Python interface to drive your LED strips.
This project aims to bring python-arduino LED strip communication interface. using this interface you can implement any kind of animation for LED strips without buying LED drivers
This project made as small weekend code rest primary for my semi-dead led strip dticked under the table.

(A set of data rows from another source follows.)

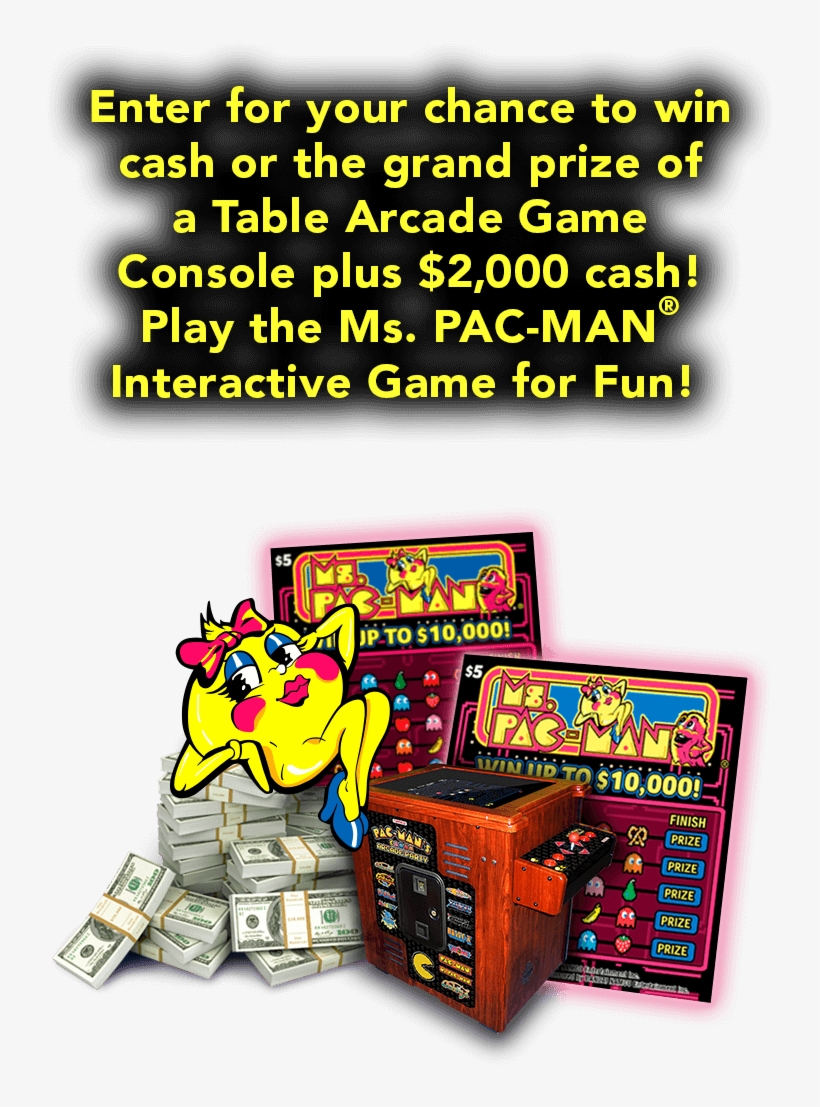 Namco Pac-man's Arcade Party Cocktail Arcade Machine, transparent png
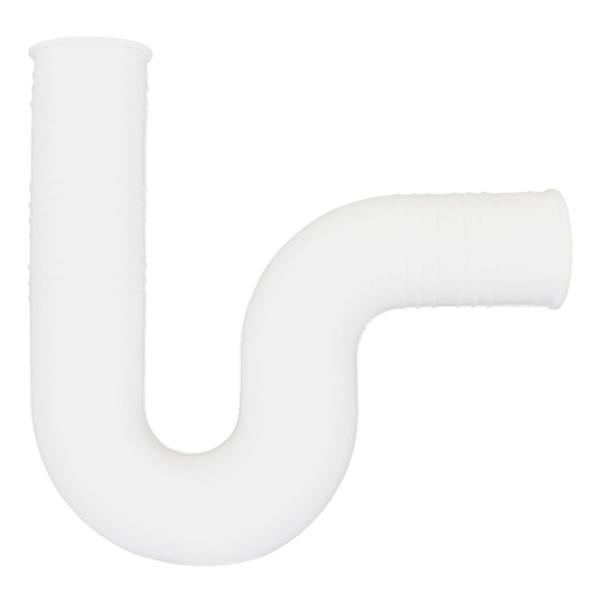 TRAMPA SUAVE PARA LAVABO PLÁSTICO 1 1/4 PULGADA BLANCO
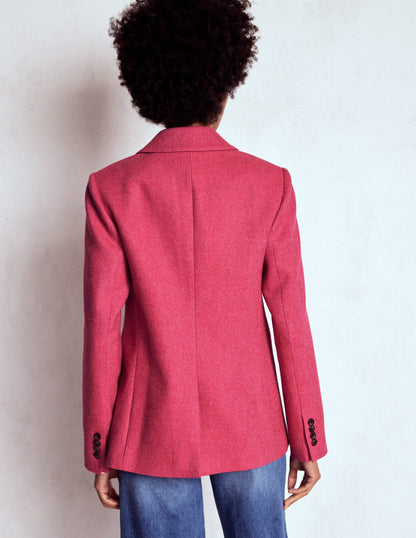 Stamford Wool-Blend Blazer-Red and Pink Wide Herringbone-3
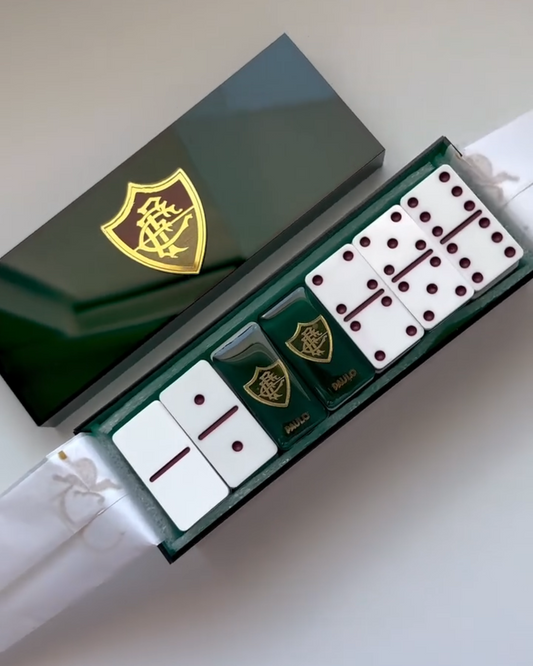 Dominó de Resina Personalizado Fluminense – Edição Holográfica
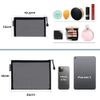 besharppin Mesh Makeup Pouch, Pack of 6, Makeup Pouch, Cosmetic Storage, Small Items, Business Trips and Travel (Black)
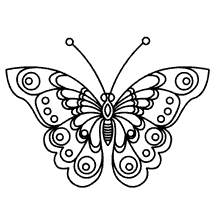 borboletas para colorir fofa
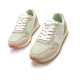 Zapatillas urban Mustang joggo classic menta con detalles beige - Querol online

I believe once it will shine in the rhytm of playing mysic, byt pyaudio can not capture output devices
Yes, hello>?
For details, view attached notebook.ipynb for 3 demos and source of communicator.py that wraps communication with arduino.
Communication is built on simple request-response protocol where host (python) transmits packet with led update information and additional packets used to define color of each updated LED.
Host packet consists of the following:
- packetId - for identification in asynchronous read/write mode (not implemented)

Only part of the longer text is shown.